• **STORED DATA**:
Segment Open
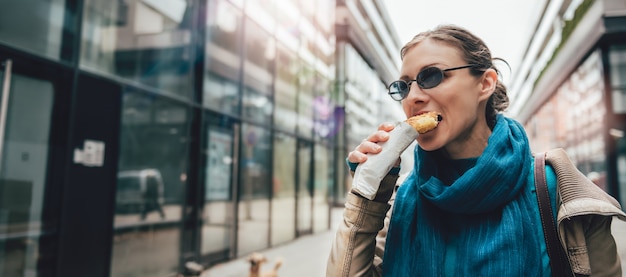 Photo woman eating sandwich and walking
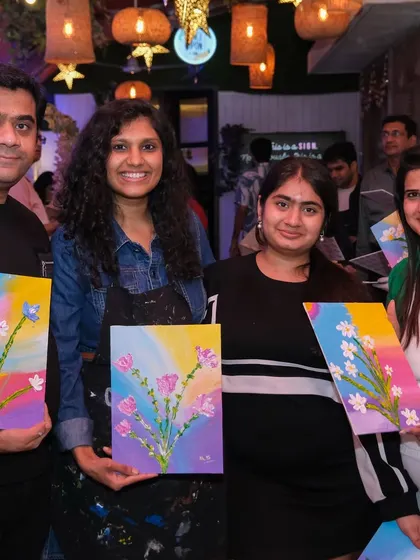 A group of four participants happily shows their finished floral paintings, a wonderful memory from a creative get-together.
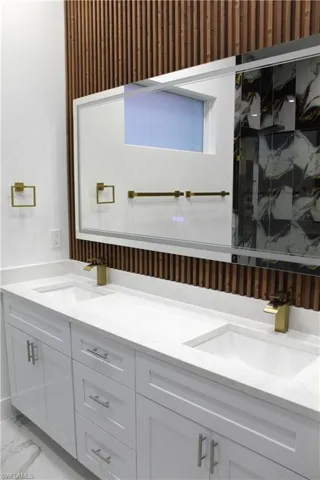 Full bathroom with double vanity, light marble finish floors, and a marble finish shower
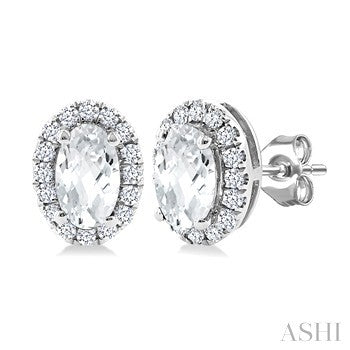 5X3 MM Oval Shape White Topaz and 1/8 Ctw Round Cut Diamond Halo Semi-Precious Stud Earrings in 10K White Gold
Segment Closed
• **TASK DESCRIPTION**: Everything in the listing above must be restated word for word, except the images.

• **EXERCISE RESPONSE**:
 Photo woman eating sandwich and walking
 A group of four participants happily shows their finished floral paintings, a wonderful memory from a creative get-together.
 Full bathroom with double vanity, light marble finish floors, and a marble finish shower
 5X3 MM Oval Shape White Topaz and 1/8 Ctw Round Cut Diamond Halo Semi-Precious Stud Earrings in 10K White Gold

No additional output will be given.